- _What the task asks_:
Set the records down again in full, exactly as they are, apart from the images.

::::::

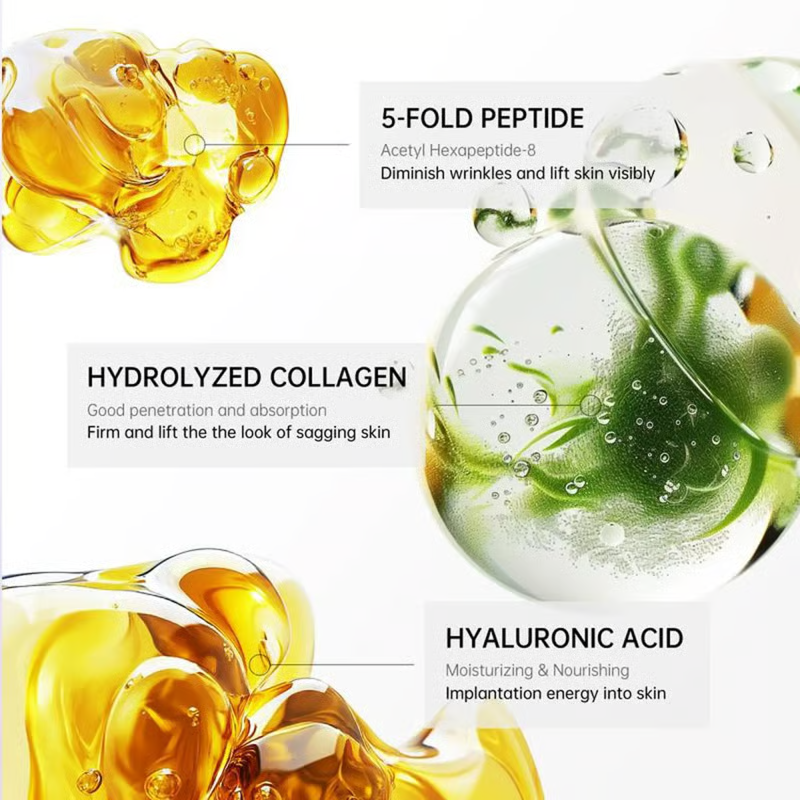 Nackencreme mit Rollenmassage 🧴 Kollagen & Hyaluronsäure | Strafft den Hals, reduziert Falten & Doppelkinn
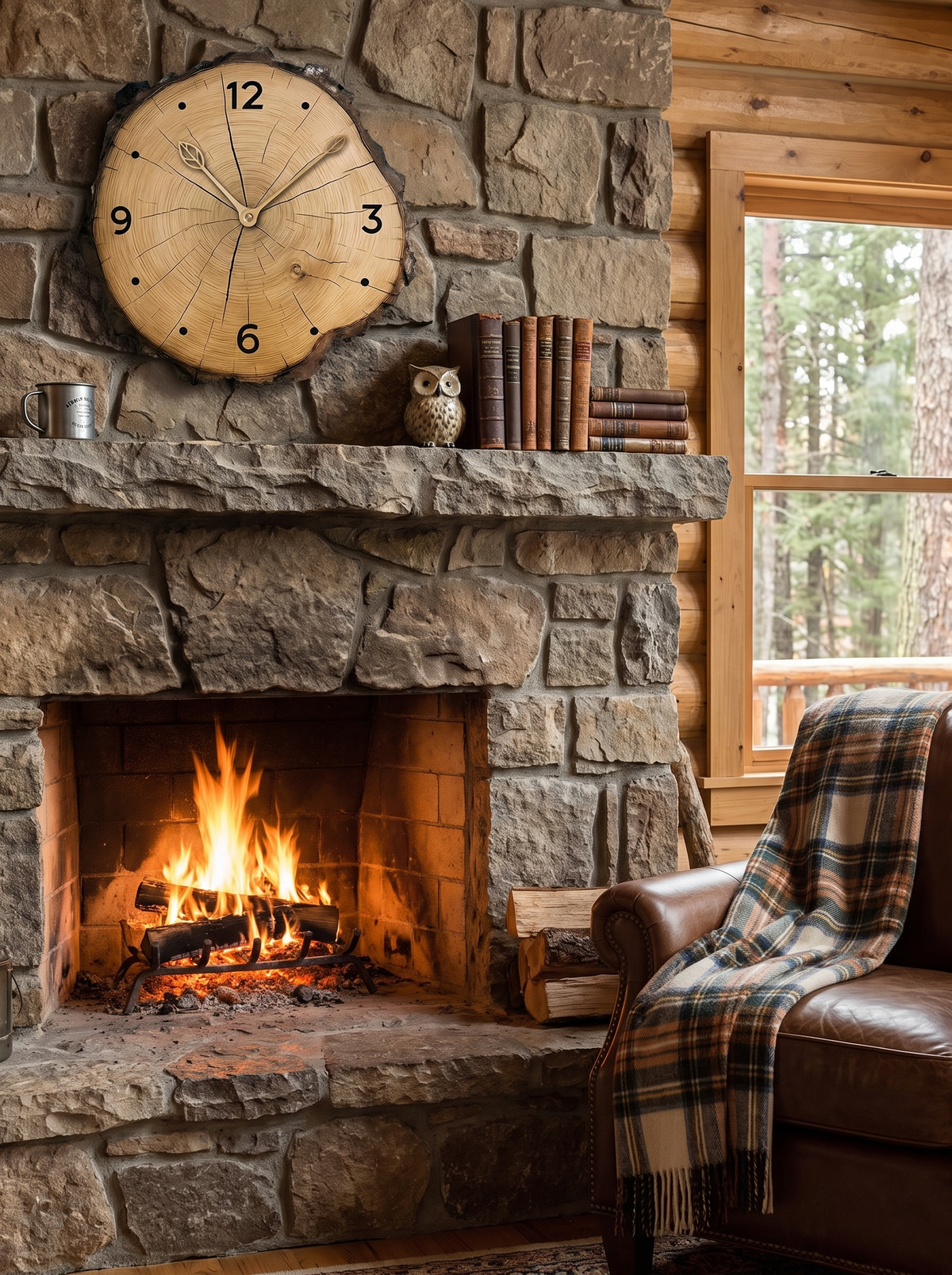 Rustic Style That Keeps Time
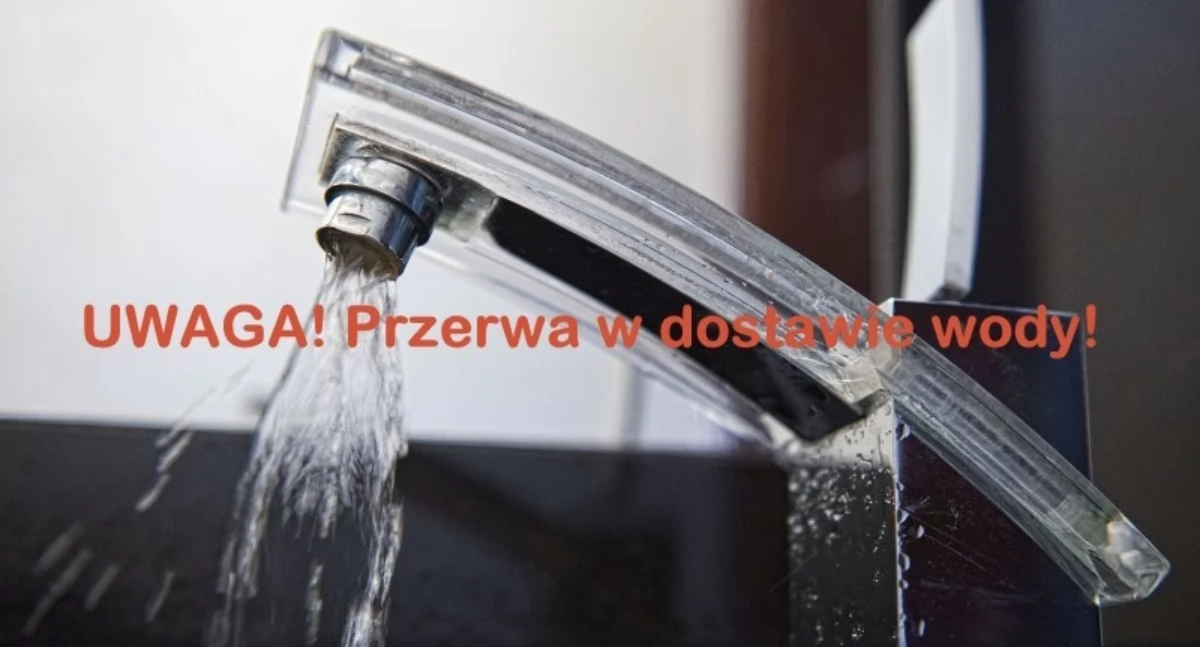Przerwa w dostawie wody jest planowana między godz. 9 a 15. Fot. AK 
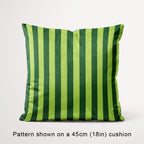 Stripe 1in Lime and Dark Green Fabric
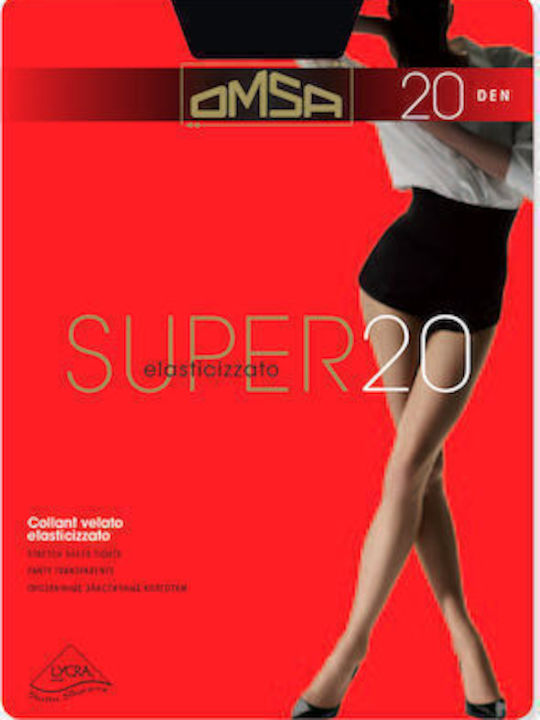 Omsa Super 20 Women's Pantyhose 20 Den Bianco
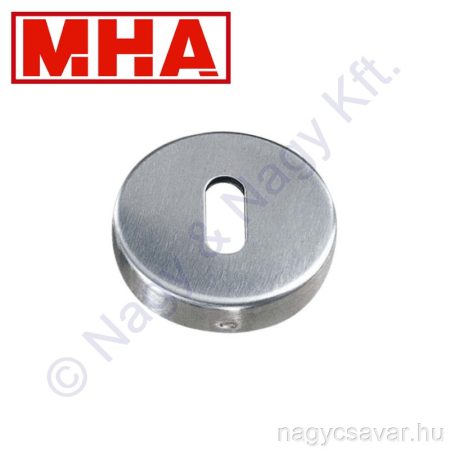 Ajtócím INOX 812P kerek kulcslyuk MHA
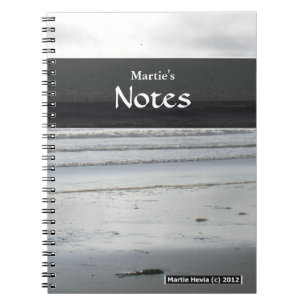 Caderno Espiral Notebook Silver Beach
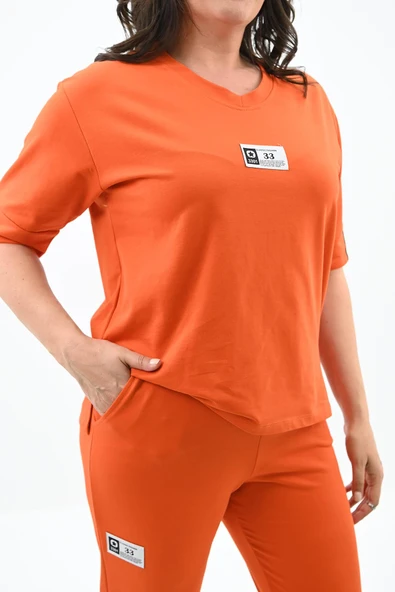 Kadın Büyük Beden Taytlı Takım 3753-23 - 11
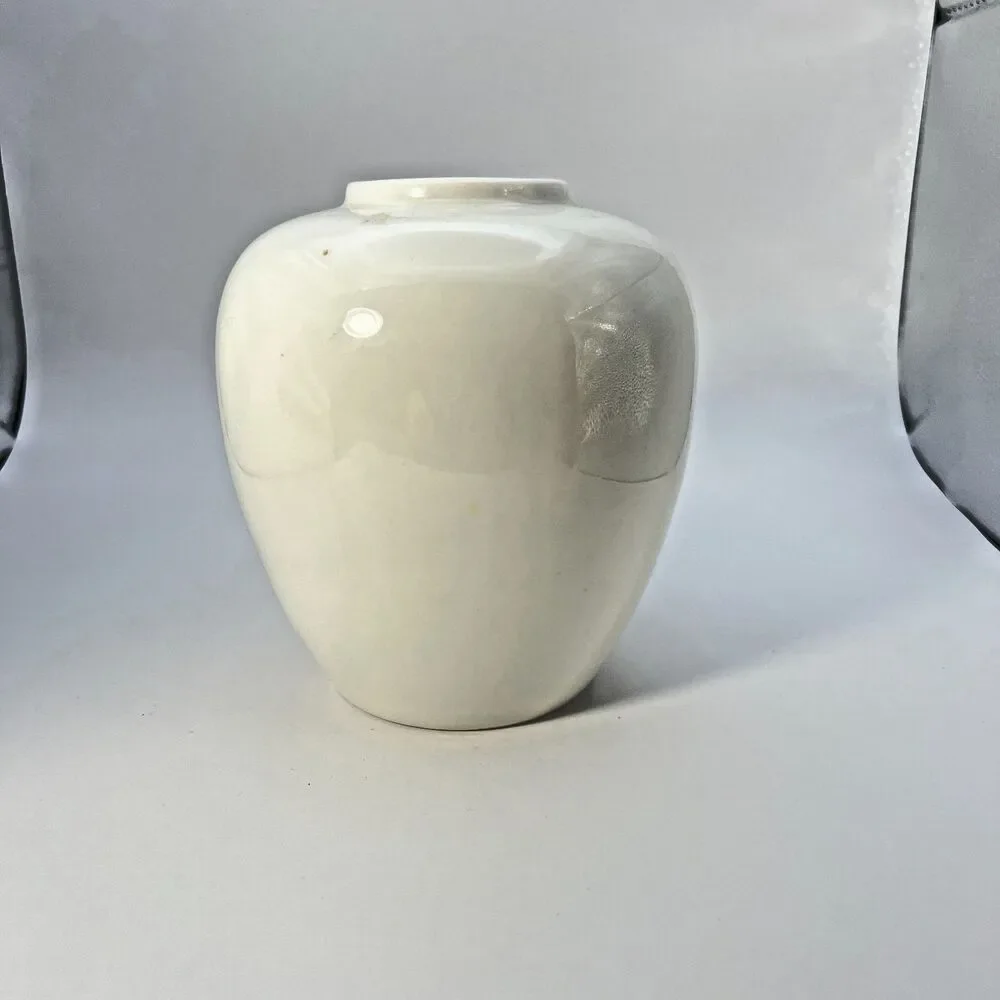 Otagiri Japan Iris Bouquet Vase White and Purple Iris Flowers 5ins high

::::::

- _Result of this exercise_:
 Nackencreme mit Rollenmassage 🧴 Kollagen & Hyaluronsäure | Strafft den Hals, reduziert Falten & Doppelkinn
 Rustic Style That Keeps Time
Przerwa w dostawie wody jest planowana między godz. 9 a 15. Fot. AK 
 Stripe 1in Lime and Dark Green Fabric
 Omsa Super 20 Women's Pantyhose 20 Den Bianco
 Ajtócím INOX 812P kerek kulcslyuk MHA
 Caderno Espiral Notebook Silver Beach
 Kadın Büyük Beden Taytlı Takım 3753-23 - 11
 Otagiri Japan Iris Bouquet Vase White and Purple Iris Flowers 5ins high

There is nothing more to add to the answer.